Directions
An exact copy of the entries, with every picture omitted, is what is needed here.

Supplied material
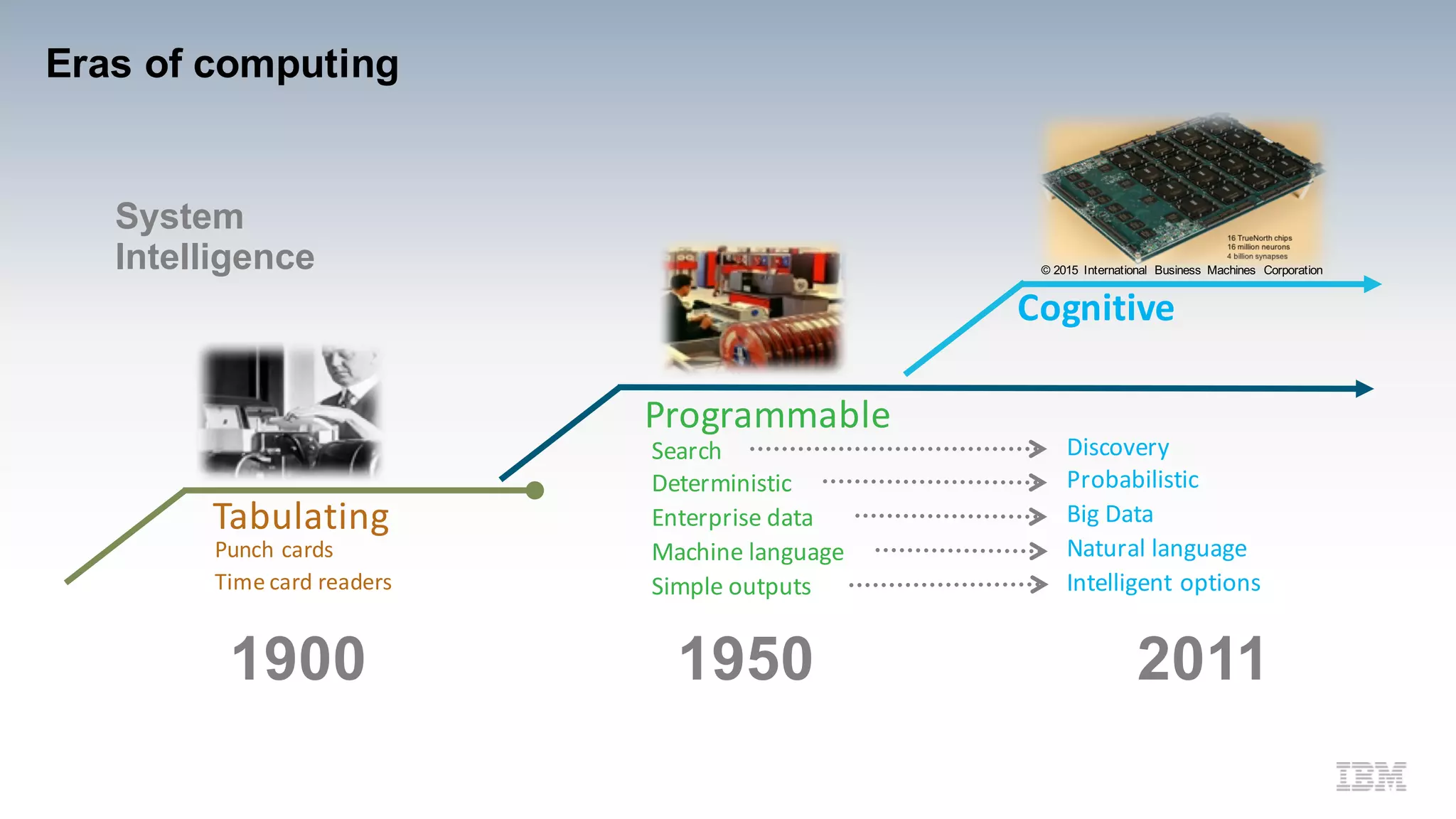 Eras of computing
System
Intelligence
1900 1950 2011
Tabulating
Programmable
Cognitive
Punch	cards
Time	card	readers
Discovery
Probabilistic
Big	Data
Natural	language
Intelligent	options
Search
Deterministic
Enterprise	data
Machine	language
Simple	outputs
© 2015 International Business Machines Corporation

Task solution
 Eras of computing
System
Intelligence
1900 1950 2011
Tabulating
Programmable
Cognitive
Punch	cards
Time	card	readers
Discovery
Probabilistic
Big	Data
Natural	language
Intelligent	options
Search
Deterministic
Enterprise	data
Machine	language
Simple	outputs
© 2015 International Business Machines Corporation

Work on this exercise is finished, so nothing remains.